START SOURCE DATA

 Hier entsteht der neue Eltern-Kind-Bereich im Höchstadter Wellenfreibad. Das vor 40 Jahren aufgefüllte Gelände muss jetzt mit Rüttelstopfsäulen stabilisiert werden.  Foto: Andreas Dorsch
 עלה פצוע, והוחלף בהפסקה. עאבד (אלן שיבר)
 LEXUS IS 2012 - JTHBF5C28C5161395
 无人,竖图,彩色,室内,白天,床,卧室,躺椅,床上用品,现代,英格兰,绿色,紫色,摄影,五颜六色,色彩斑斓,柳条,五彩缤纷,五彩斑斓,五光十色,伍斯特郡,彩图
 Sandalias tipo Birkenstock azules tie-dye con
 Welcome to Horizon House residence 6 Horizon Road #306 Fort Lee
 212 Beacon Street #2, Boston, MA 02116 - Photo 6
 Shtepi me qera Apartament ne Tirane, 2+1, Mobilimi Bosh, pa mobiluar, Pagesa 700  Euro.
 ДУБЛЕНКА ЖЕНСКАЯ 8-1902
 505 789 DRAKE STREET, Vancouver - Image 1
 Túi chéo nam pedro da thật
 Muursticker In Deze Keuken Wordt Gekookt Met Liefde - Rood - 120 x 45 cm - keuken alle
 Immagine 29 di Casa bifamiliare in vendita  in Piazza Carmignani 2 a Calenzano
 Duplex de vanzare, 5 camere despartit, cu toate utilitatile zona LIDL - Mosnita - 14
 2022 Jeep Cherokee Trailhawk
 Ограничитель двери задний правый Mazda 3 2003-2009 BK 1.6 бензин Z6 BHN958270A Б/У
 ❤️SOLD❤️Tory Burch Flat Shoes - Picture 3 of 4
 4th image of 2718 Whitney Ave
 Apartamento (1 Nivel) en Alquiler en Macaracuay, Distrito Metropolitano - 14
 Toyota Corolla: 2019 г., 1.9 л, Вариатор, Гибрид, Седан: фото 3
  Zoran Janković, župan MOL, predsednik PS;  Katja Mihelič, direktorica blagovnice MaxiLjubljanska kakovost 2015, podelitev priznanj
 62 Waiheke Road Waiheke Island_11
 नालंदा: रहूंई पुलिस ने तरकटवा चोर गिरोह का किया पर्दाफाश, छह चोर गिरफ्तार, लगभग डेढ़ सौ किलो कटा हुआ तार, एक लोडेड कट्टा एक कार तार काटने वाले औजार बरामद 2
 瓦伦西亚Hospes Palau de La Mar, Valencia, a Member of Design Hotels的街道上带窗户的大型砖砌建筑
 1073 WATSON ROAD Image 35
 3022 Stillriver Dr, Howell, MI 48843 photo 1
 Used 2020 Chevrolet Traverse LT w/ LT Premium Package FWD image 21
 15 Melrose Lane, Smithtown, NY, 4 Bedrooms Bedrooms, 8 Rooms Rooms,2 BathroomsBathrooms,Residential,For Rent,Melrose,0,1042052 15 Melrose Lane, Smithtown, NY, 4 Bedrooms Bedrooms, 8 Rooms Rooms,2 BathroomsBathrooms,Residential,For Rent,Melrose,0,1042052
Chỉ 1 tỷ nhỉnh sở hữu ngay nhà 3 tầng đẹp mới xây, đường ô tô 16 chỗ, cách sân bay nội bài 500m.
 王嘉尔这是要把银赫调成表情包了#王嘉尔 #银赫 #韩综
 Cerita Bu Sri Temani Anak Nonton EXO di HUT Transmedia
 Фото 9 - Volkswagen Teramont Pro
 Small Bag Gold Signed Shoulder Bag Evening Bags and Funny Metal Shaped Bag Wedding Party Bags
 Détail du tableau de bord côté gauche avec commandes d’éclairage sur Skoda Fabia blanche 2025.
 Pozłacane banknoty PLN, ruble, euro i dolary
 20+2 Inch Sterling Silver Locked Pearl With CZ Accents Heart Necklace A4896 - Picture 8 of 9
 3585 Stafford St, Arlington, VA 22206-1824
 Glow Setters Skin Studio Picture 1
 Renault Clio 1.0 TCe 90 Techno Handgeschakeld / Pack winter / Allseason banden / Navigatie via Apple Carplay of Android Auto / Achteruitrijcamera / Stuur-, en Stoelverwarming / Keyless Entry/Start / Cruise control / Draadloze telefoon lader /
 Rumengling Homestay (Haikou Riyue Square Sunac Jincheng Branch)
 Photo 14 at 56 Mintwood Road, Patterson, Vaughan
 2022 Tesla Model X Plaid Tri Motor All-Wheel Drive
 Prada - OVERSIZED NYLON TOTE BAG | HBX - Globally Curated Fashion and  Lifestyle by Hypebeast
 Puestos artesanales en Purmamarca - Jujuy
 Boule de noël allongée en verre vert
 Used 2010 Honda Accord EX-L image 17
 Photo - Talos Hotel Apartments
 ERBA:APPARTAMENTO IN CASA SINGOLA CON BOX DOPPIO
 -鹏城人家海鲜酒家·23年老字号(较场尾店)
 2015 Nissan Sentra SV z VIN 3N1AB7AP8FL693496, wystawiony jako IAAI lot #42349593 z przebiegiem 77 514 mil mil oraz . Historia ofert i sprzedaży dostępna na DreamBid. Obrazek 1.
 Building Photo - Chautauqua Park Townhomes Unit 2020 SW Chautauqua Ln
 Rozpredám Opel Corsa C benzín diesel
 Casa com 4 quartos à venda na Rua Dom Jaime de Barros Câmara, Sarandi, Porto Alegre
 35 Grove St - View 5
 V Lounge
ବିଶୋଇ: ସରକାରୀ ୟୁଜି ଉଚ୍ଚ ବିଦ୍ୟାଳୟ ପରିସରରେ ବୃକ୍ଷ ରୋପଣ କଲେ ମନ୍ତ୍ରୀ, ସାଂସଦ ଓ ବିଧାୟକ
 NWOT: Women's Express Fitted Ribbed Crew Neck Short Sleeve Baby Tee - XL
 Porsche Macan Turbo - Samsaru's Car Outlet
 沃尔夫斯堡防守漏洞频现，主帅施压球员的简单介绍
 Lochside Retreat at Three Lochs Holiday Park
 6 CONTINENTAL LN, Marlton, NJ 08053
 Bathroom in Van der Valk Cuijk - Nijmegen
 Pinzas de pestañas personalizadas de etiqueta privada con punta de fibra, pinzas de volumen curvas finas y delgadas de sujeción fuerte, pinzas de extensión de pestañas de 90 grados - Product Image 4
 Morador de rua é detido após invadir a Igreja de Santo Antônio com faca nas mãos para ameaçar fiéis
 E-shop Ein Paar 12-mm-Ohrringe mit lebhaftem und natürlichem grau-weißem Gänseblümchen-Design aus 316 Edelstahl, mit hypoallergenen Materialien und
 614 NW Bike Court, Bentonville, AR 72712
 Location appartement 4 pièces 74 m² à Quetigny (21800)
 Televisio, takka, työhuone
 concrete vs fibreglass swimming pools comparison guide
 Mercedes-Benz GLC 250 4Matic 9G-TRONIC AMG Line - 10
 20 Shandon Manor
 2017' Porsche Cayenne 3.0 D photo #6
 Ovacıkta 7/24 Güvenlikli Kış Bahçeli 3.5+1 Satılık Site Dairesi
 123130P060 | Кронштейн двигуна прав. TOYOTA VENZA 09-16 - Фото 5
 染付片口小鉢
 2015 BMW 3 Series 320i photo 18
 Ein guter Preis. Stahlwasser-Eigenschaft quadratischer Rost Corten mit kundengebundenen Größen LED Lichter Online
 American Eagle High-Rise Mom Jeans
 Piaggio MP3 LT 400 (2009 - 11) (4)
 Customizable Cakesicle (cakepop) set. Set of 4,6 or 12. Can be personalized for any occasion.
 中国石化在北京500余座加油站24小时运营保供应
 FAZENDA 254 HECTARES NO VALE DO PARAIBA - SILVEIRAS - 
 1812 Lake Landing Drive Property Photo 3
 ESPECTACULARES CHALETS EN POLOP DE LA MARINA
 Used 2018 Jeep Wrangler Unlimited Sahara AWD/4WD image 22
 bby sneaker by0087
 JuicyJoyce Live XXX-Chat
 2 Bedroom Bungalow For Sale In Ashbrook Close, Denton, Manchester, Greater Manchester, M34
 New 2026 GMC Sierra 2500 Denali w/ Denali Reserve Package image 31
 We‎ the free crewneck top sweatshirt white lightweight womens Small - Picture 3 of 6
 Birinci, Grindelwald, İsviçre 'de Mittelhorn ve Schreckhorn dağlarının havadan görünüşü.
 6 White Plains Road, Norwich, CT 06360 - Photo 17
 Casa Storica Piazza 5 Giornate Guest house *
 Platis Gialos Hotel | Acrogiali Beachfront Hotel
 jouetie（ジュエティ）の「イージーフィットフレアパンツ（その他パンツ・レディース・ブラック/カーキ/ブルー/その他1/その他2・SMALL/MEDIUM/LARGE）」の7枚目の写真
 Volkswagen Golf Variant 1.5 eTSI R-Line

END SOURCE DATA

= ASSIGNED TASK =
From the top of the material above, print every line exactly, ending with the line that holds "Shtepi me qera".

= ANSWER SECTION =
 Hier entsteht der neue Eltern-Kind-Bereich im Höchstadter Wellenfreibad. Das vor 40 Jahren aufgefüllte Gelände muss jetzt mit Rüttelstopfsäulen stabilisiert werden.  Foto: Andreas Dorsch
 עלה פצוע, והוחלף בהפסקה. עאבד (אלן שיבר)
 LEXUS IS 2012 - JTHBF5C28C5161395
 无人,竖图,彩色,室内,白天,床,卧室,躺椅,床上用品,现代,英格兰,绿色,紫色,摄影,五颜六色,色彩斑斓,柳条,五彩缤纷,五彩斑斓,五光十色,伍斯特郡,彩图
 Sandalias tipo Birkenstock azules tie-dye con
 Welcome to Horizon House residence 6 Horizon Road #306 Fort Lee
 212 Beacon Street #2, Boston, MA 02116 - Photo 6
 Shtepi me qera Apartament ne Tirane, 2+1, Mobilimi Bosh, pa mobiluar, Pagesa 700  Euro.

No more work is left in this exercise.